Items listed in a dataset
- Opening Delimiter -
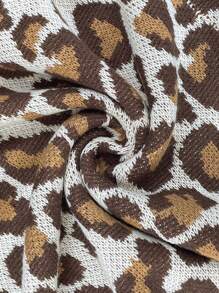 SHEIN Clasi Women Leopard Print Long Sleeve Sweater Dress - Camel - View 7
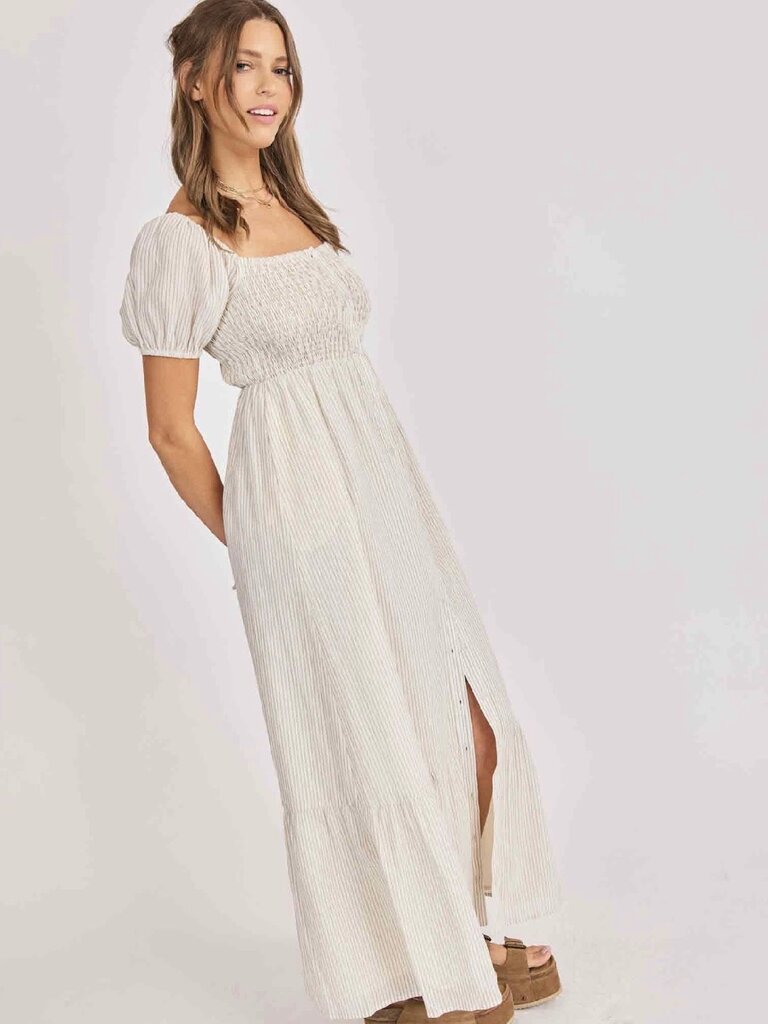 Sadie & Sage White Taupe Stripe Dress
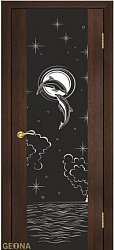 картинка Дверь Геона Дельфин, Триплекс черный с шелкографией, ультрашпон, Орех темный 27 магазин Dveris являющийся официальным дистрибьютором в России 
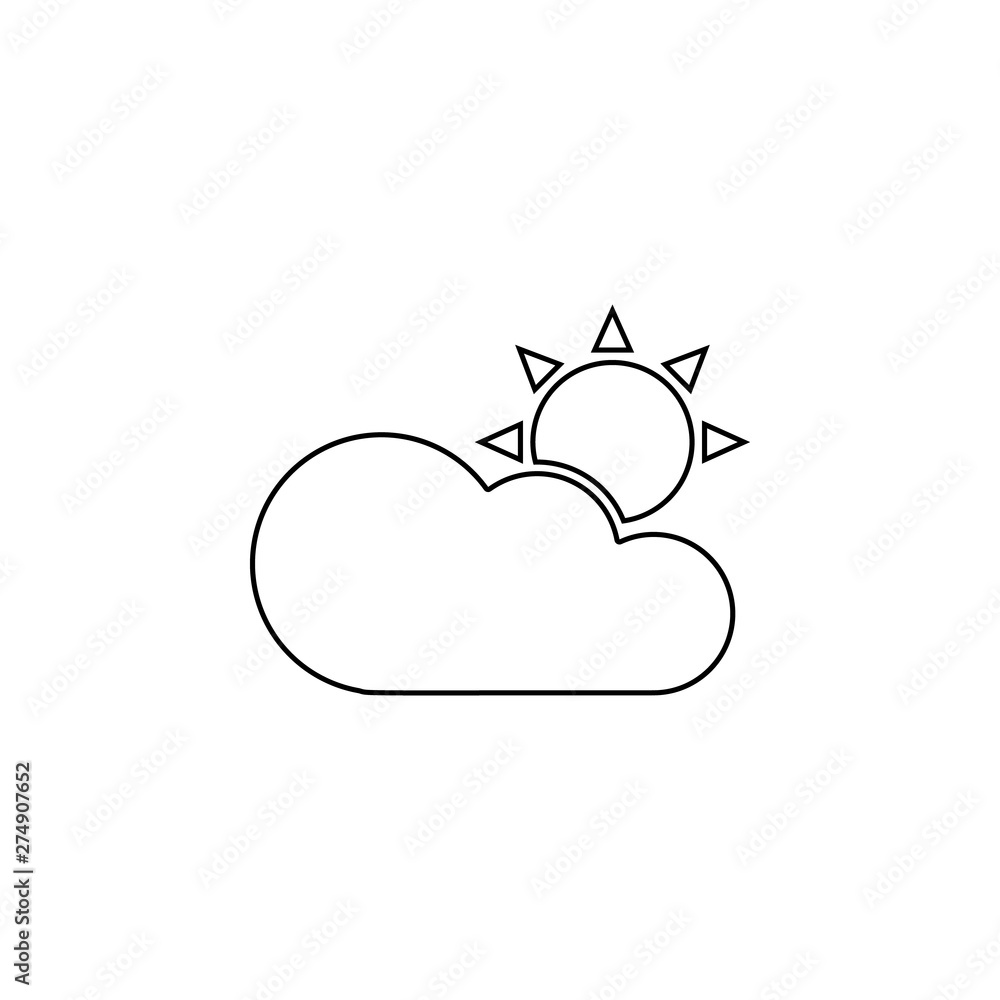 Aufkleber sun and cloud icon. element of web for mobile concept and web apps icon. outline, thin line icon for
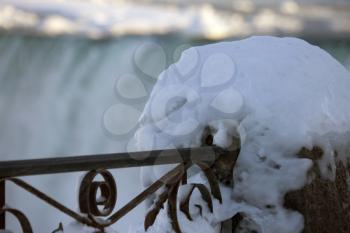 Winter Niagara Falls frozen snow and ice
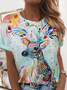 Cotton-Blend Short Sleeve Casual Printed Tops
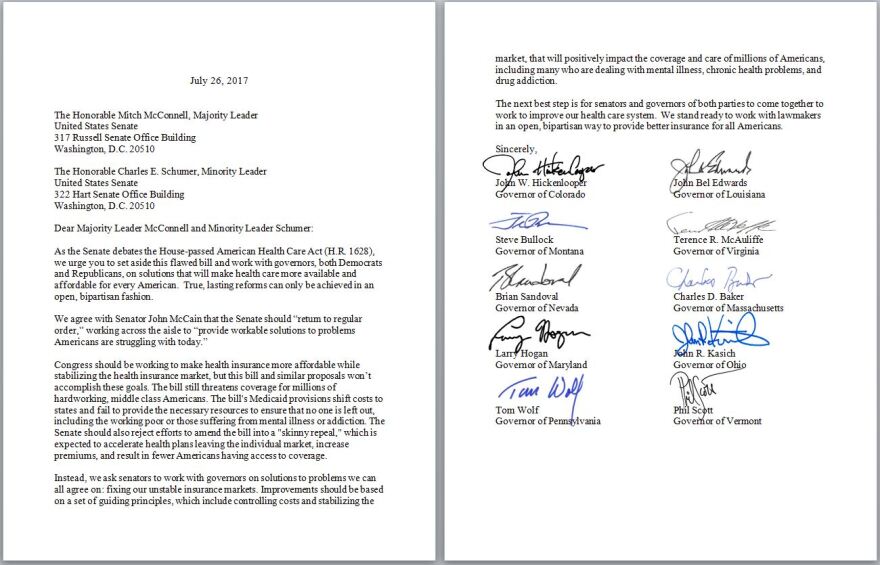 The letter signed by Vt Gov. Phil Scott and nine other bi-partisan governors from around the country, voicing concern about repealing the Affordable Care Act.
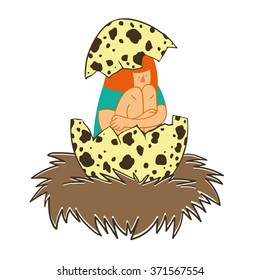 Girl in an eggshell in the nest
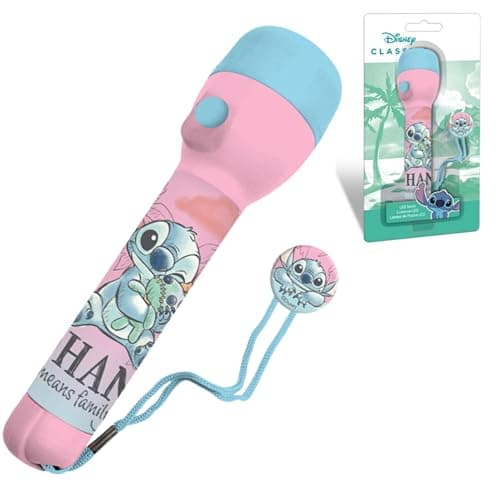 SRV Hub LED Torch for Kids | Disney Stitch Flashlight with Wrist Strap | Cute Handheld Big Torch for Boys & Girls | Portable LED Light for Camping, School, Night Use | Stitch Gifts Age 3+
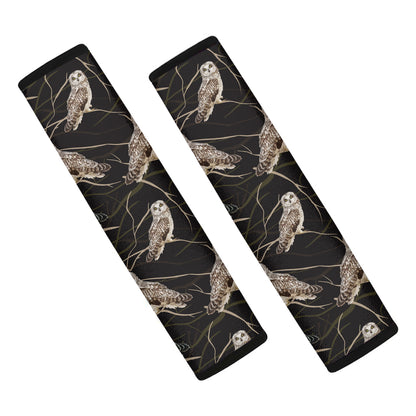 Night Owl Pattern Print Car Seat Belt Covers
- Closing Delimiter -
- _Problem statement_
With the pictures set aside, please write out all of the records above exactly.

- _Result for this task_
 SHEIN Clasi Women Leopard Print Long Sleeve Sweater Dress - Camel - View 7
 Sadie & Sage White Taupe Stripe Dress
 картинка Дверь Геона Дельфин, Триплекс черный с шелкографией, ультрашпон, Орех темный 27 магазин Dveris являющийся официальным дистрибьютором в России 
 Aufkleber sun and cloud icon. element of web for mobile concept and web apps icon. outline, thin line icon for
 Winter Niagara Falls frozen snow and ice
 Cotton-Blend Short Sleeve Casual Printed Tops
 The letter signed by Vt Gov. Phil Scott and nine other bi-partisan governors from around the country, voicing concern about repealing the Affordable Care Act.
 Girl in an eggshell in the nest
 SRV Hub LED Torch for Kids | Disney Stitch Flashlight with Wrist Strap | Cute Handheld Big Torch for Boys & Girls | Portable LED Light for Camping, School, Night Use | Stitch Gifts Age 3+
 Night Owl Pattern Print Car Seat Belt Covers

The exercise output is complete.